BMW 11.15%↓... Continental 10.51%↓
Volkswagen Emergency Management Concerns Continue... 3.38%↓
Germany's leading automobile manufacturer BMW lowered its operating profit margin forecast due to brake system issues, causing European auto stocks to fluctuate.
On the 10th (local time), BMW announced that due to problems with the Integrated Brake System (IBS) supplied by Continental, its operating profit (EBIT) margin forecast for this year has been lowered from the previous 8-10% to 6-7%, and its return on equity (ROE) from 15-20% to 11-13%.
BMW stated that it will incur additional costs due to delivery suspensions and recalls, and that the resulting delivery delays and warranty costs amounting to millions of dollars have led to a downward revision of this year's earnings forecast.
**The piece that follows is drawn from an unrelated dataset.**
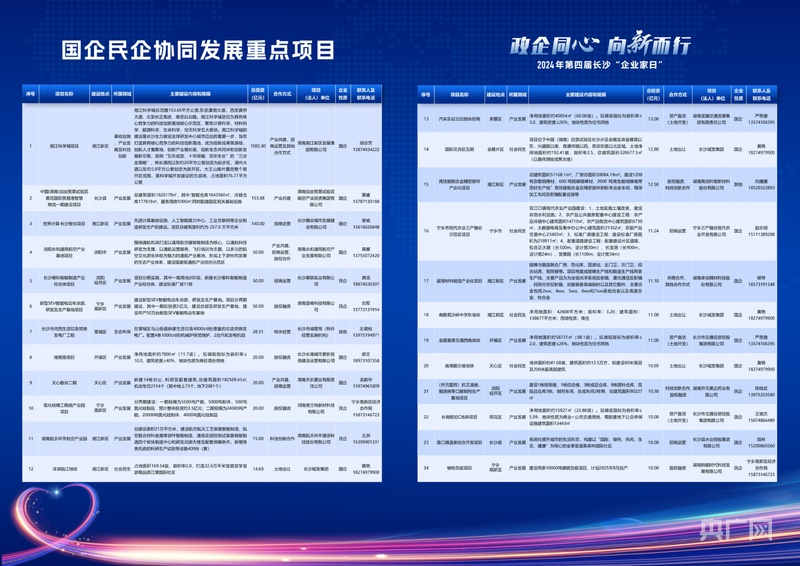2024年第四届长沙“企业家日”活动举行(图3) 2024年第四届长沙“企业家日”活动举行(图3)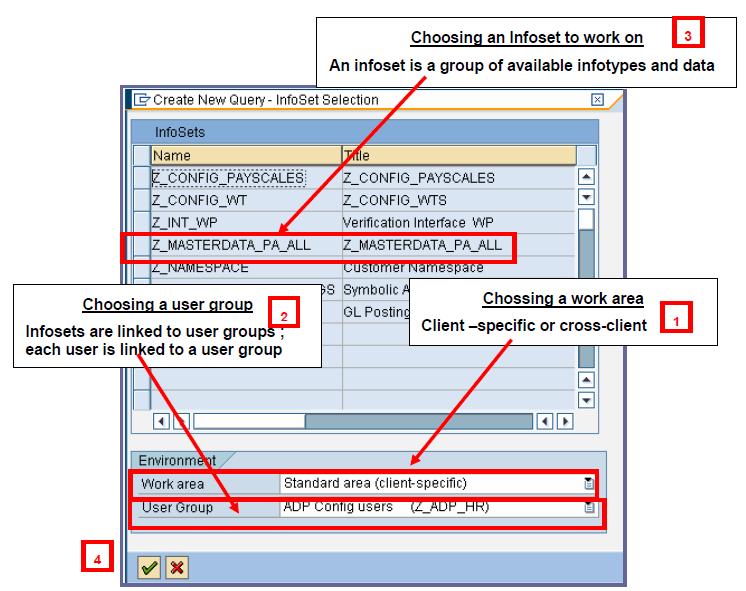 All About Ad-Hoc Query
More than 1.5 million vehicles have been affected by the IBS issue, of which 1.2 million have already been delivered to customers.
The company also noted that weak demand in the Chinese market negatively impacted sales.
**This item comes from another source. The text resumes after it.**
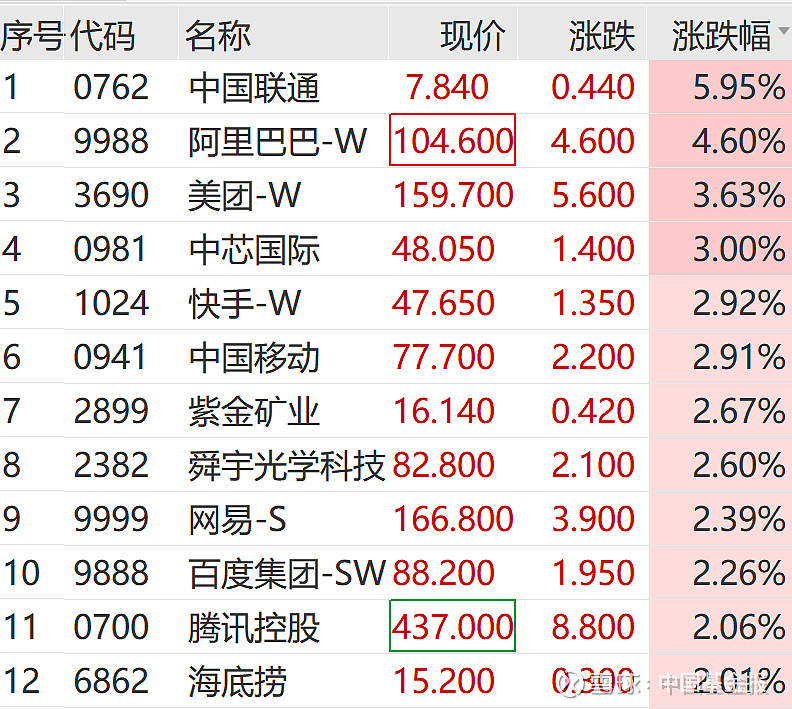 炸裂，封单一度超444万手，电信巨头罕见涨停！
Following this news, BMW's stock price plunged 11.15% and Continental, the IBS supplier, dropped 10.51% on the Frankfurt Stock Exchange in Germany.
Tom Narayan, an analyst at RBC, said BMW's announcement could be a sign of more guidance downgrades across the industry in the future.
Concerns over the automotive industry were further heightened as Germany's largest automaker Volkswagen entered an emergency management system and notified unions of the termination of a job security agreement, prolonging conflicts. Volkswagen officially informed the metalworkers' union IG Metall, which represents its employees, of the termination of the job security agreement that had been in place since 1994. The original agreement was valid until 2029.
If labor and management fail to reach a new agreement by June next year, Volkswagen will be able to lay off employees for business reasons starting from July next year.
Earlier on the 2nd, Volkswagen announced it would raise its cost-cutting target by an additional 4 to 5 billion euros (approximately 5.923 to 7.404 trillion KRW) from the previous 10 billion euros (about 14.8076 trillion KRW), signaling factory closures and layoffs in Germany.
Volkswagen's stock price closed down 3.38% that day.
The Stoxx Europe 600 index closed down 0.54% compared to the previous day. However, the Stoxx Europe 600 Automobiles & Parts sector fell 3.85% compared to the previous day.
Bloomberg reported, "Automakers have had a tough year due to overall weak demand, especially in the key market of China and declining electric vehicle sales," adding, "Trade disputes between China and the European Union (EU) and stricter EU vehicle emissions regulations in 2025 could result in billions of dollars in fines, increasing concerns."